The sane alternative, for example, in the Asia Pacific (and elsewhere) would be the setting up of a genuinely impartial regional body whose number one priority would be the protection of the oceanic environment; the imposition of the most severe limits on the exploitation of the wealth of the seas and oceans; widening the domain of the “common heritage of humankind” by retracting these EEZs; and organising the distribution of whatever level of resource extraction that is allowed in the “global commons”, in proportion to the respective population sizes of the countries concerned.
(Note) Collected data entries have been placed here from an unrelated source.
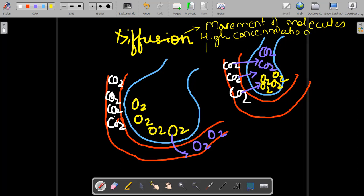As we have discussed in earlier sessions, high concentration means a place where something is more in amount, and low concentration means a place where something is less in amount. Suppose I have more chocolates and you have less chocolates. By the process of diffusion, chocolates will start moving from me to you, because I have more and you have less — we need to reach an equilibrium. The same happens with gases at the surface of alveoli.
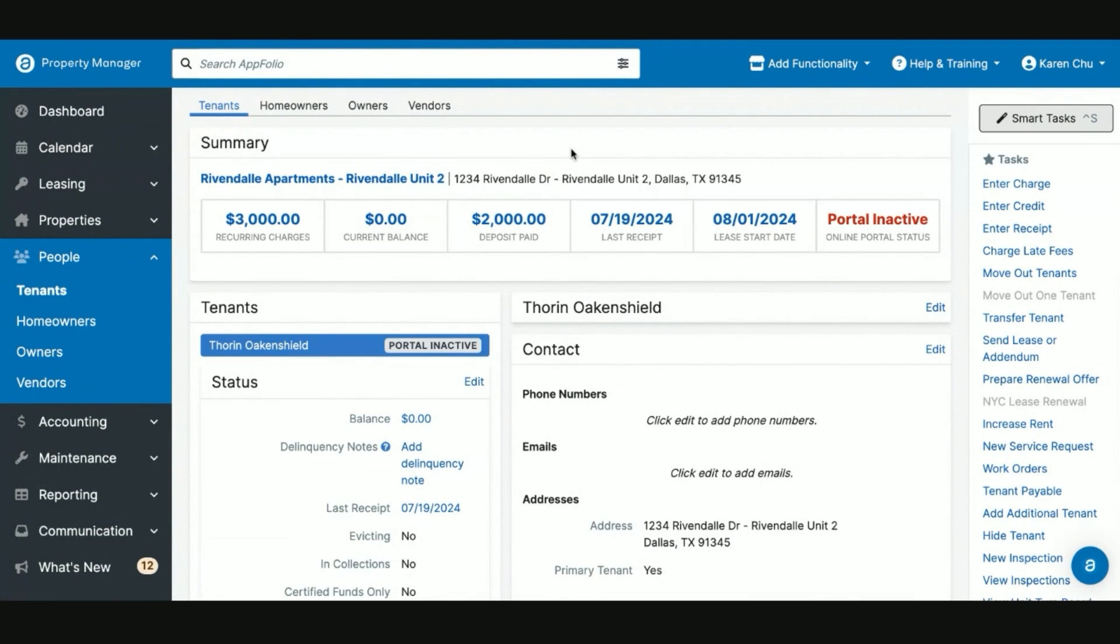In our first example with Thorn Oakenshield, we showed you how to partially refund a security deposit. Now in this part of the video, we're going to show you how to successfully fully refund the security deposit. In most cases, the full refund is going to happen in the move-out flow. In the event that you're refunding the full security deposit before move-out, you'll follow the same steps as we showed in the first part of this video.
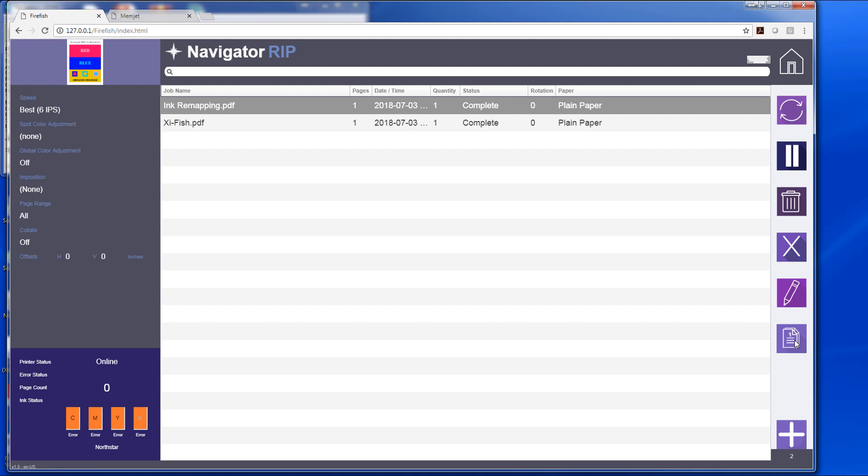And it will set my page range one-to-one and print the first page off so I can look at it, make sure all the changes I made were appropriate, and then I can go on and print the rest of the job.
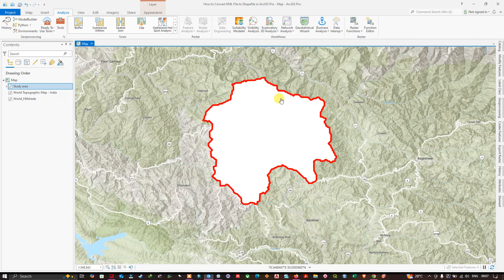Thanks for watching. In this video I have shown you how to convert a KML file to a shapefile in ArcGIS Pro. Make sure you subscribe to the channel and give us a like.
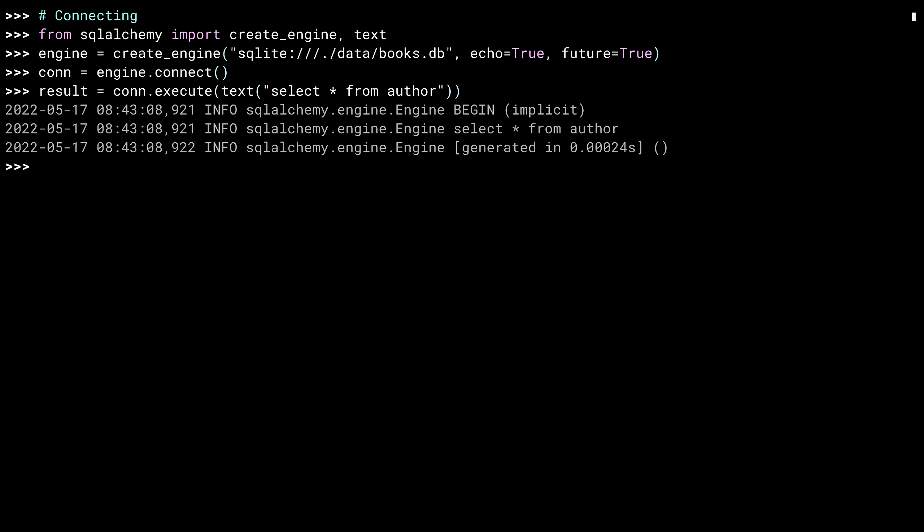Let's look at the results. Result.all returns a list of tuples, and the database I'm using was populated with two authors in the previous lesson. Good old Isaac and Pearl. All right, let's make some changes now.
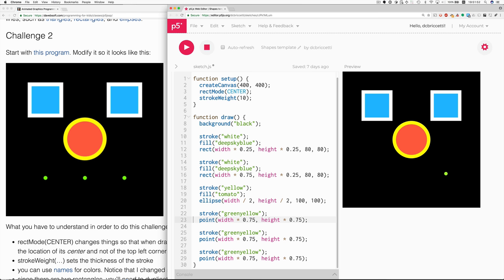And if I run it now, they'll all three be in the same place. So, I have to change the first one to one quarter. Change the second one to one half. Good. So, there is the solution.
Of course this is not going to happen. Instead, the process of privatising the seas via UNCLOS has been joined by the process of privatising the atmosphere through pollution permits and carbon trading. Outer Space in military and nuclear terms has for some time now already been privatised for the so-called security of some countries. We are not just going to cross the ‘two degree’ climate change barrier but are well on the way to racing beyond it, while other forms of grave ecological despoliation on land and on the seas are also guaranteed. Future generations will not forgive us for failing to sufficiently protect and preserve our global commons.